This excerpt from Myths & Facts, posted March 17, 2008 by Eli E. Hertz, applies to Obama today, just as it did to Condoleezza Rice and Javier Solana, when it was written:
...The "Road Map" vision, as well as continuous pressure from the "Quartet" (U.S., the European Union, the UN and Russia) to surrender parts of the Land of Israel are contrary to international law that firmly call to "encourage ... close settlement by Jews on the land, including State lands and waste lands not required for public purposes." It also requires "seeing that no Palestine territory shall be ceded or leased to, or in any way placed under the control of the government of any foreign power."
Any attempt to negate the Jewish people's right to Palestine - Eretz-Israel, and to deny them access and control in the area designated for the Jewish people by the League of Nations is a serious infringement of international law.
International Law - The "Mandate for Palestine"

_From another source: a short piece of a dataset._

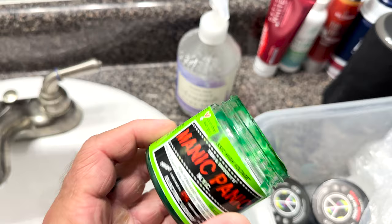The Electric Lizard will actually glow in the dark if you go to a club, not that I really do. I take them and mix them together, and there's some old Electric Lizard in there but it's got some blue in there too. It's going to make a nice green color.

The "Mandate for Palestine" an historical League of Nations document, laid down the Jewish legal right under international law to settle anywhere in western Palestine, the area between the Jordan River and the Mediterranean Sea, an entitlement unaltered in international law. Fifty-one member countries - the entire League of Nations - unanimously declared on July 24, 1922:
"Whereas recognition has been given to the historical connection of the Jewish people with Palestine and to the grounds for reconstituting their national home in that country."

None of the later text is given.